Tuesday, August 11, 2015

The Saragossa Manuscript

Now here is a surrealist film that I can not only get behind, but love wholeheartedly. Having previously seen director Wojciech Jerzy Has's 1973 film The Hourglass Sanatorium, which I enjoyed but felt flawed and yet its imagery and atmosphere help it grow in my mind the more I think on it, I wanted to see more from the man. This led me to his most famous film, 1965's The Saragossa Manuscript. A 3 hour surrealist shifting narrative journey brought to us from the supposedly unfilmable book of the same name, written piecemeal by Jan Potocki between 1805-1815 before being left unfinished at the author's death.
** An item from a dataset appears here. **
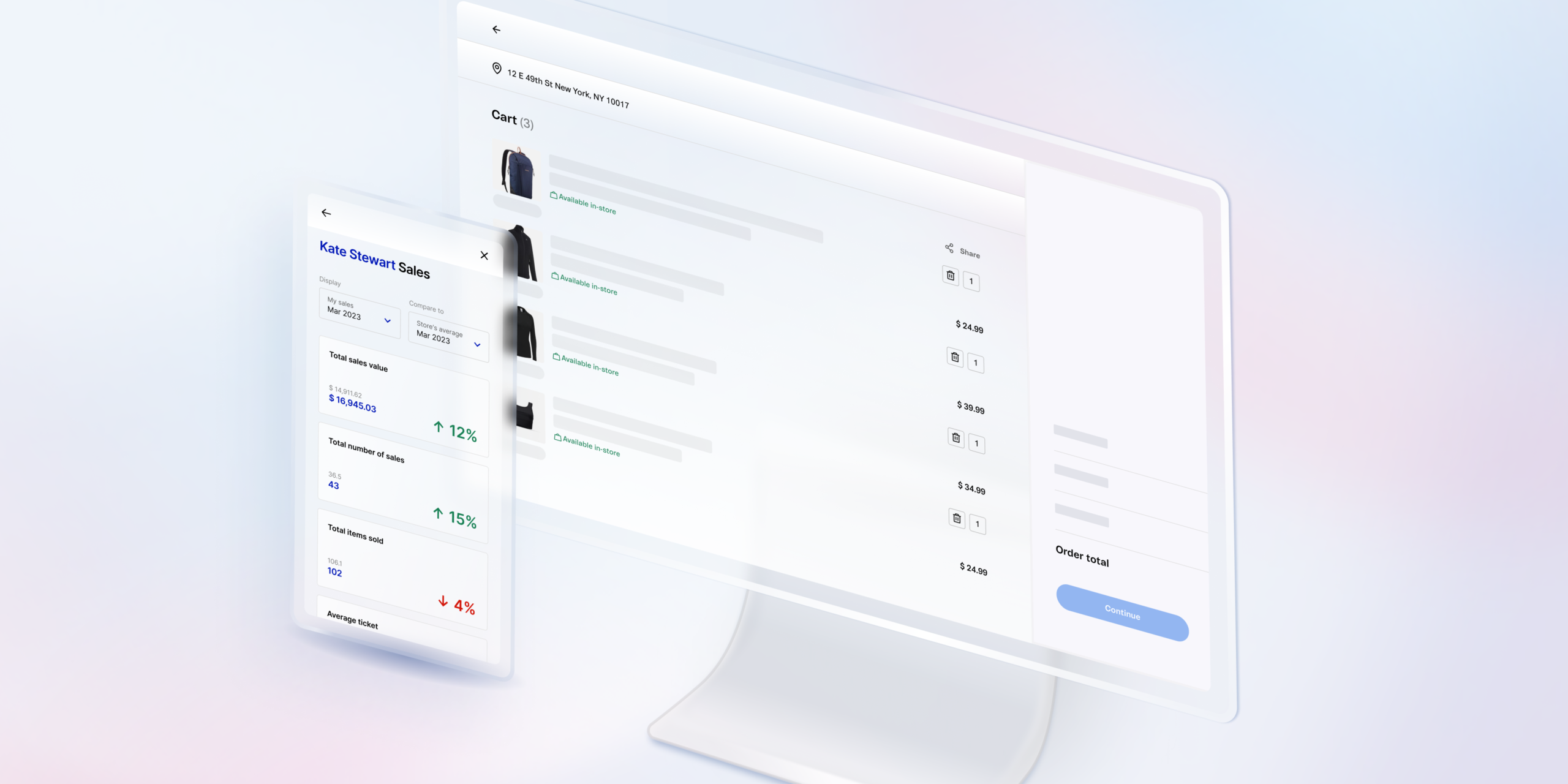 Nuevo checkout de Sales App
It stars "The Polish James Dean" Zbigniew Cybulski, just two years before his death. Well, it kinda stars him. Let's get into that...

The movie is framed as two soldiers come upon a book while fighting in the Spanish town of Saragossa in the Napoleonic Wars. One soldier realizes the book is written about his grandfather Alfonse (Cybulski), whose story we begin to see in flashback. We follow his journey to a supposedly haunted house, encountering ghosts (or maybe demons? The devil himself?) in the form of two incestually bisexual sisters who claim Alfonse is their cousin and he must marry them both to further the family name and keep it pure. Alfonse later meets a one-eyed man seemingly possessed by the devil, who has a similar story, having taken place in the same haunted house. Alfonse also tries to ride across the land to Madrid, but finds himself captured by the Inquisition, but somehow freed by the sisters from his haunted house. He ultimately finds safety in the castle of a man who may or may not have sinister plans for our hero.

We spend the majority of the second half of the movie listening to the stories of a gypsy who arrives at the castle, all seen in flashbacks. This is where the movie switches from surreal, dream-like storytelling, to puzzle box, Russian doll kinda storytelling. At one point we are watching a story within a story within a story within a story within a story within a story within a story (I think that's how deep it went, if I counted right). Alphonse himself even expresses his deliriousness in trying to keep up, saying "it's enough to make you crazy."

Crazy, maybe, but happily so. Wojciech Jerzy Has's direction is so superb that we are invested in every story within a story, and he keeps them moving so fast that even if you aren't, this one won't last long and there's another coming up that's different. It reminded me a lot of the grandfather's description of the story in The Princess Bride. Here we have demons, ghosts, sultans, battles, sword fights, gorgeous women who aren't always totally clothed, dreams, nightmares, and I haven't even mentioned that the movie has quite a few laughs in it as well. Also, Has's camera movement and control is some of the best I've ever seen from a filmmaker, often switching from long static shots to sudden huge camera movements around, in, or through a building. It's absolutely first class filmmaking and I can see why it was such a favorite of Martin Scorsese's, who has obviously been greatly influenced by Has's camera work.

This is one of the great epics of world cinema, one that's sadly underseen, despite that it's not hard to find, and has a wonderful looking transfer on the DVD I got from my library. And if I can find this in my library in central Oklahoma, wherever you are you can easily find it there as well (or through Netflix, sadly the only Has movie they have). Go see it!